A coneflower by any other name, wouldn’t be as … purple?

There once was a plant with a cone-shaped flower with long, cascading purple petals. It was classified as Echinacea purpurea, commonly known as Purple Coneflower. Depending on your perspective on color, the petals might have been described as pink, but could most certainly fall under a “purple-ish” classification.

Coneflowers have always been one of my favorites, in the garden and as the subject of my lens. When I got my first Nikon CoolPix 950 digital camera back in 1999, I took a picture of a coneflower and the result ignited my passion for botanical photography.

In 1999 and for a long time before, it was considered a prairie flower, right along with Rudbeckia and Baptisia. Then, all of a sudden it seems, the gardening world was overjoyed to welcome “native plants” into the home garden, and Echinacea and its prairie cousins became stars.

And we all know what happens when a plant becomes popular. The hybridizers start falling over themselves to conceive the next great cultivar of the popular plant. They strive for longer bloom time, larger flowers, and — of course — different colors. And that’s how a plant with purple in its name now comes in a spectrum of red, pink, orange and white and causes great confusion to casual gardeners who buy a “purple” coneflower only to find out it’s the color of tomato soup or macaroni and cheese.

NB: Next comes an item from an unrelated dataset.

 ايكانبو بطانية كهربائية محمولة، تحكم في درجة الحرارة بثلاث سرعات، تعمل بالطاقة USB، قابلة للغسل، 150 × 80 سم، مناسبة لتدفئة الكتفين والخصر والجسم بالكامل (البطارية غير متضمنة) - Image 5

Just this year, I’ve found a number of varieties of Echinacea purpurea that don’t fall anywhere near purple in the color spectrum.

‘White Swan’
  ‘Tiki Torch’
 ‘Pink Poodle’
‘Tomato Soup’
Now, I’m not complaining in the least about the dazzling array of Echinacea that are available for gardeners today. Once the price comes down on some of these newer varieties like ‘Tomato Soup’ and ‘Mac ‘n Cheese’ (now currently in the $15-$25 range per plant), they’ll be lighting up my garden for summers to come. But the exploding rainbow of coneflowers on the market today does make me wonder if including color descriptions in the botanical epithet or common name of plants is as shortsighted as planting cotton north of Dixie.